| Directions for this task |
Exclude the pictures and set down, unaltered, the lines from the one that holds "houses along the water in Galway" through the end of the data.
- - - -
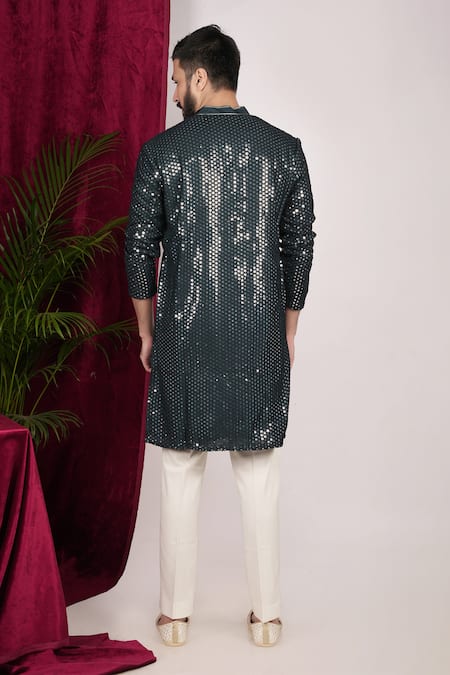 Sven Suits Mirror Embroidered Kurta Set 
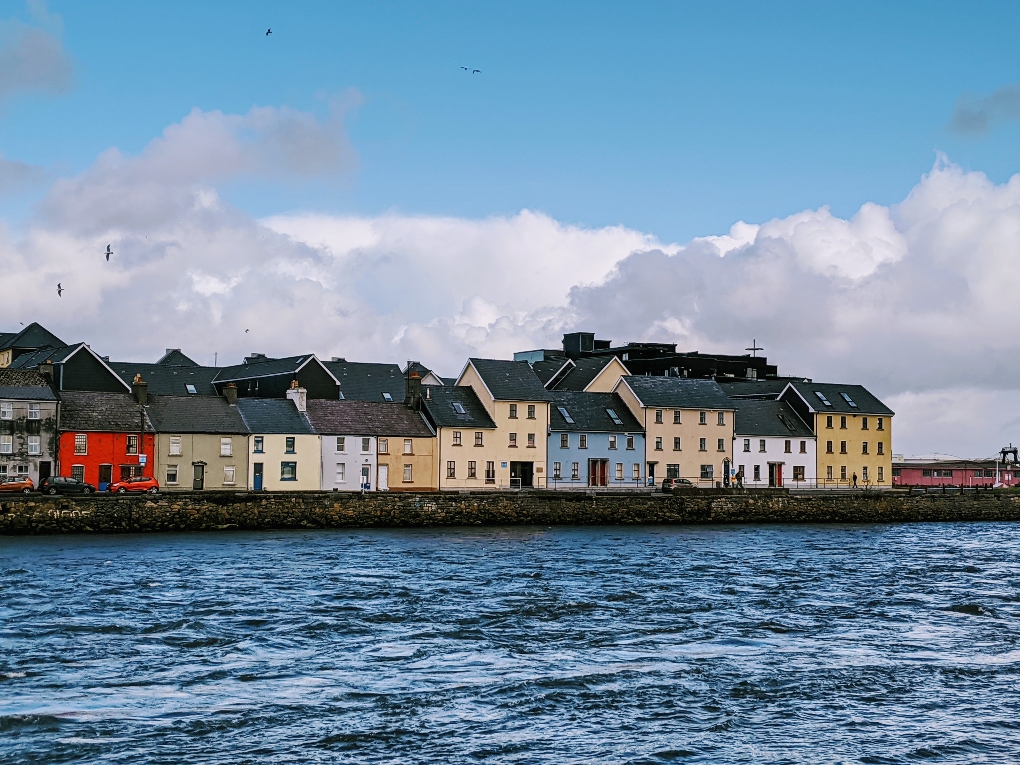 houses along the water in Galway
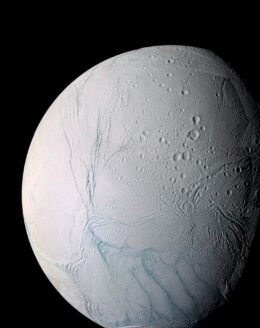 Enceladus and its tiger stripes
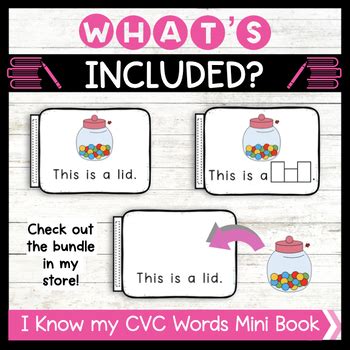 Blending Cvc Words With Short I Vowel Sounds Activities And Mini Book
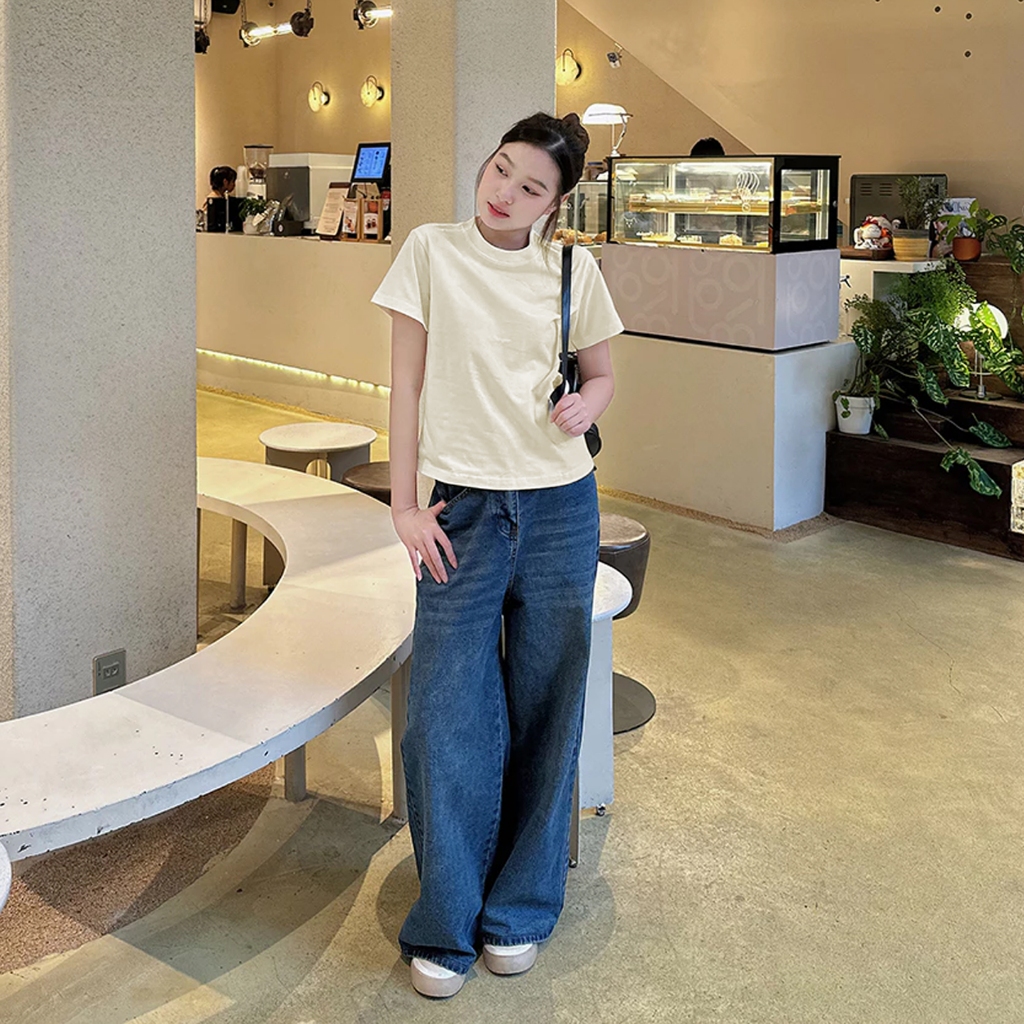 Áo thun Baby Tee Trơn Local Brand Amee Studio 100% Cotton 250gsm | BigBuy360 - bigbuy360.vn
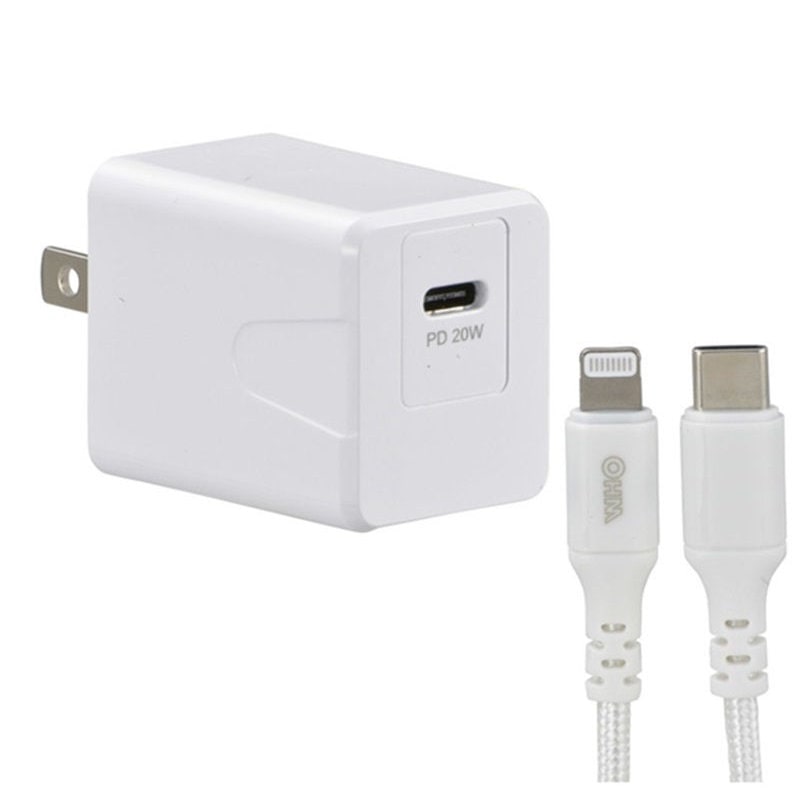 オーム電機　ＡｕｄｉｏＣｏｍｍ　ＡＣ充電器　ＭＩＰ－ＡＰＤ２０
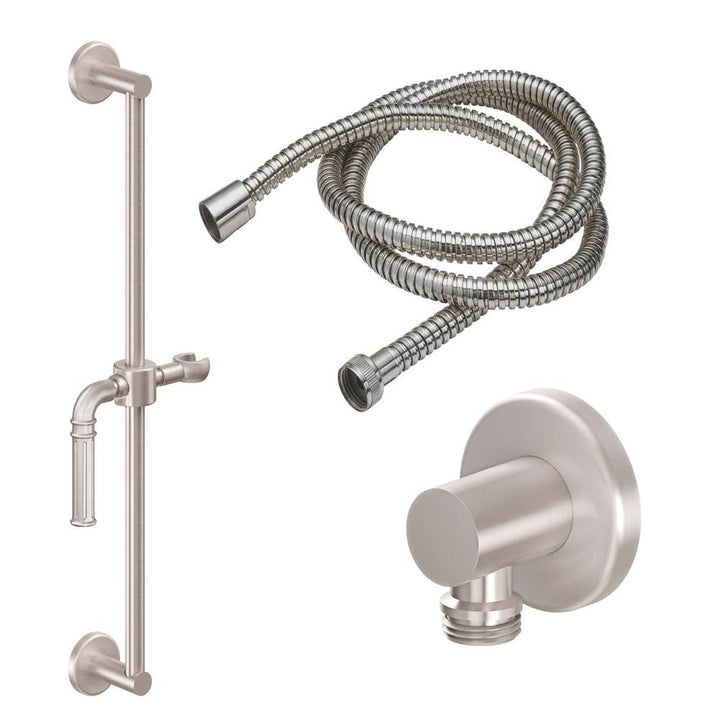 California Faucets Slide Bar Handshower Kit with Round Base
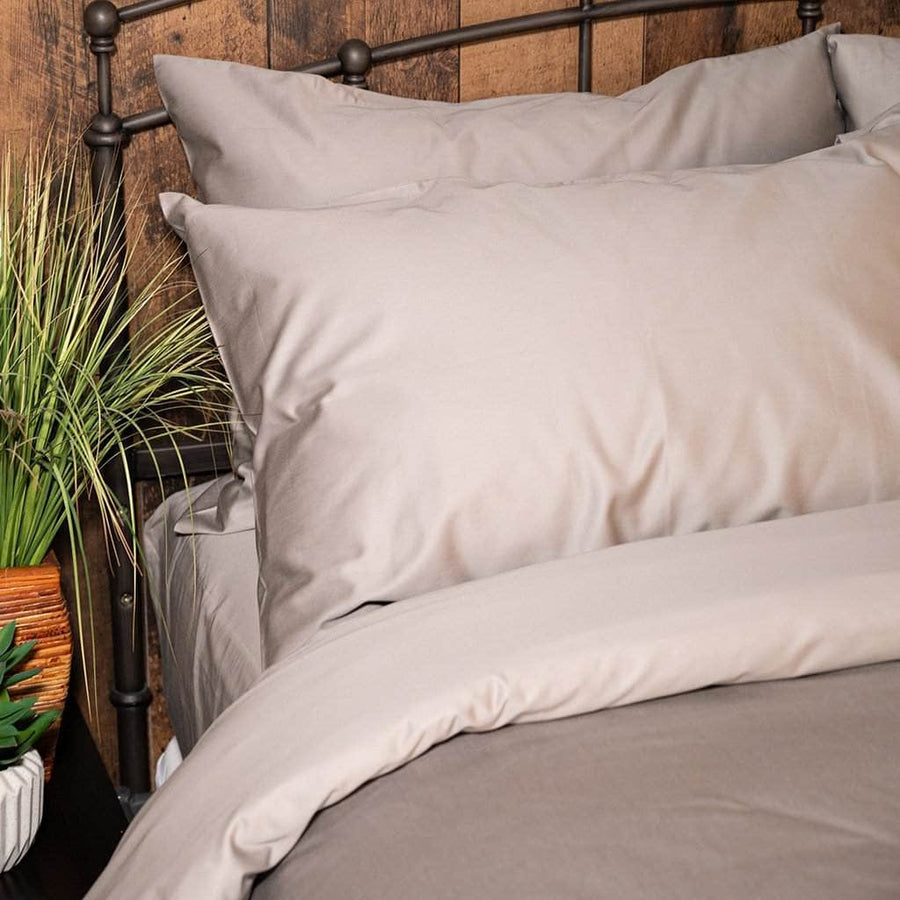 Warm Grey Sateen Pillowcases Canada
- - - -
| Answer for the task |
 houses along the water in Galway
 Enceladus and its tiger stripes
 Blending Cvc Words With Short I Vowel Sounds Activities And Mini Book
 Áo thun Baby Tee Trơn Local Brand Amee Studio 100% Cotton 250gsm | BigBuy360 - bigbuy360.vn
 オーム電機　ＡｕｄｉｏＣｏｍｍ　ＡＣ充電器　ＭＩＰ－ＡＰＤ２０
 California Faucets Slide Bar Handshower Kit with Round Base
 Warm Grey Sateen Pillowcases Canada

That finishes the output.